Basic Elements: Pages, Files and Related Groups
The fundamental unit of user interaction on the web is the page , represented by a rectangle symbol. A page here denotes an expression unit, which may correspond to multiple HTML files or code files.
In addition to pages, there are files without navigation properties, such as audio, image, PDF, or executable files, represented by a document icon.
We use the page group symbol for a set of functionally similar pages with consistent navigation attributes, and the file group for a collection of files reachable through a single entry point.
Creating Relationships: Connections and Arrows
Relationships between elements are shown with connections . When describing information structure, page hierarchies are usually drawn as a tree, which is the recommended representation.
For interaction flowcharts, each connection must have a direction, using down‑stream and up‑stream arrows to indicate relative positions.
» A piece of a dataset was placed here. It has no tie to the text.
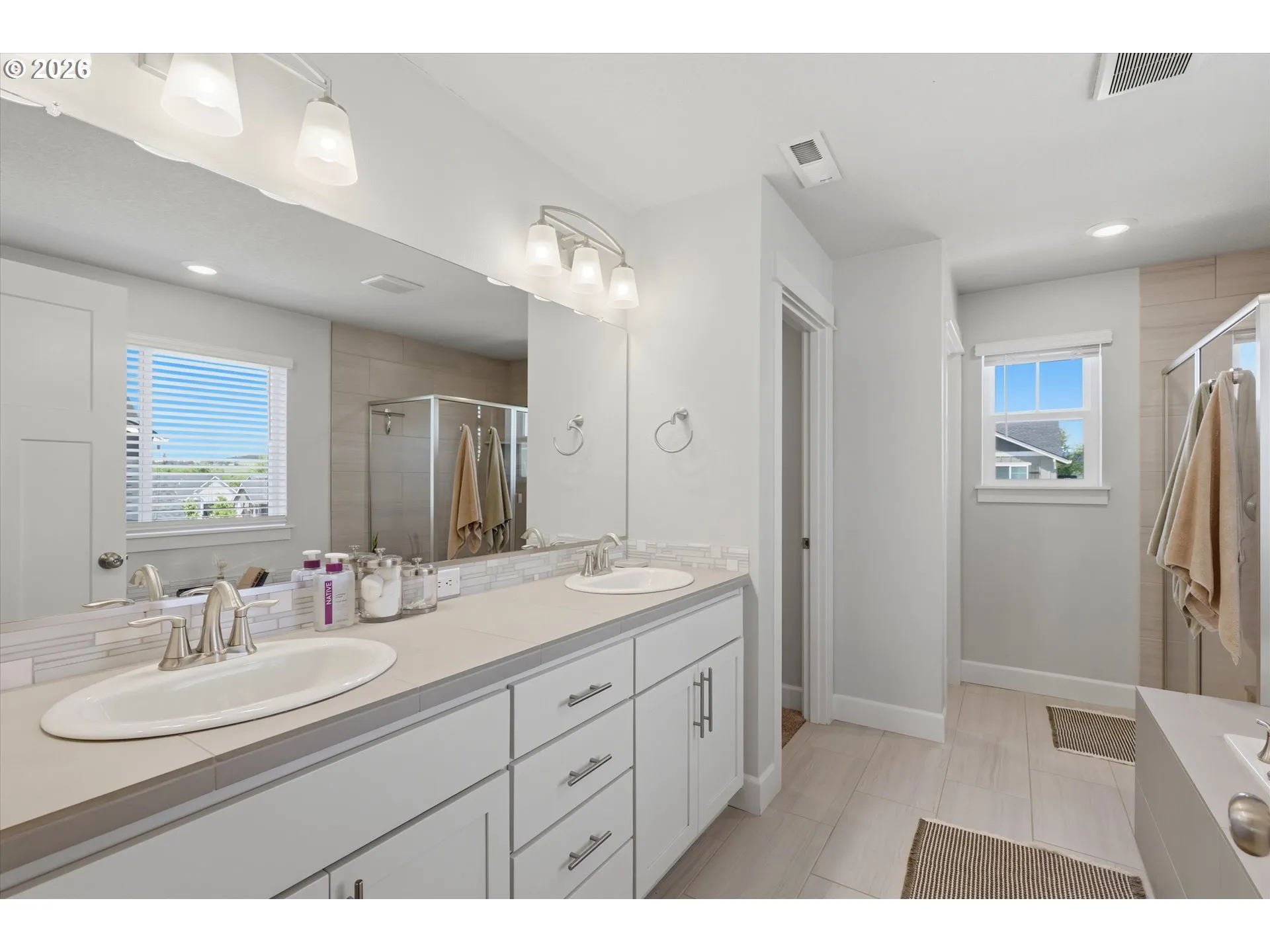 Bathroom, Attached-Double Sinks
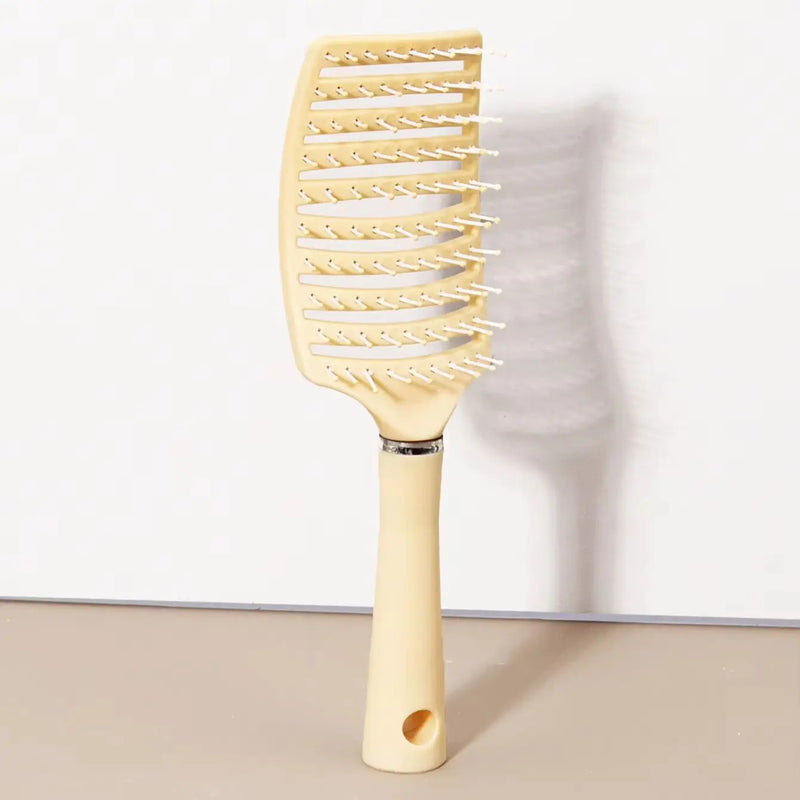 Curling brush - ergonomic handle, hollow design, durable rubber bristles, suitable for all types of hair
To forbid upstream movement, a short perpendicular bar is added at the arrow’s tail.
Annotations can be added to connections and arrows, but should be used sparingly to avoid clutter.
Concurrent Event Groups
A half‑circle symbol represents a concurrent event group, used to describe multiple user actions that occur simultaneously (e.g., a popup window while the main page downloads). The group has directionality, with upstream elements linking to the curved side and downstream elements to the flat side.
Link Points
When a diagram becomes too large, link points (shown as brackets) allow the chart to be split into manageable modules. A single link point can connect to one or many other diagrams, and its orientation is a matter of designer preference.
Element Collections: Areas and Area Iterations
Areas (rounded rectangles) group pages that share one or more attributes, such as pages displayed in the same popup window. Repeated structures can be represented with area iterations (a stack of rounded rectangles) to avoid redundant diagrams.
Reusable Modules: Processes and Process References
Repeated sequences of steps are modeled as processes . A process is shown with a process area (a de‑cornered rectangle) and a process reference that acts as a placeholder wherever the process is invoked. Process areas have entry and exit link points outside the shape.
Basic Conditional Elements
Systems track one or more attributes (e.g., user type, session state, accessed content, date/time). Each attribute has a value; a specific value constitutes a condition , which the system evaluates to determine the appropriate path.
The system monitors attributes such as user type, login status, content being accessed, and timestamps.
Each attribute has a concrete value (e.g., "3 p.m.").
A condition links a particular value to a specific outcome.
The system decides whether the condition holds.
Decision Points
When a user's action can lead to multiple possible structures, a decision point (diamond) is used, with arrows indicating upstream and downstream relationships.
Conditional Connections and Arrows
Conditional connections (dashed lines) and conditional arrows indicate paths that are available only when certain conditions are met.
Conditional Branches
A conditional branch (triangle) represents a choice where only one downstream path will be taken based on the condition.
Conditional Selectors
Similar to branches, a conditional selector can deliver multiple downstream paths simultaneously when the condition is satisfied.
Groups
A group (circle) aggregates multiple paths, often used as the downstream element of a conditional branch or selector.
Conditional Areas
When a set of pages is governed by conditions, they are enclosed in a conditional area (rounded rectangle with a dashed border). Conditional areas typically include an error path for the case where none of the conditions are satisfied.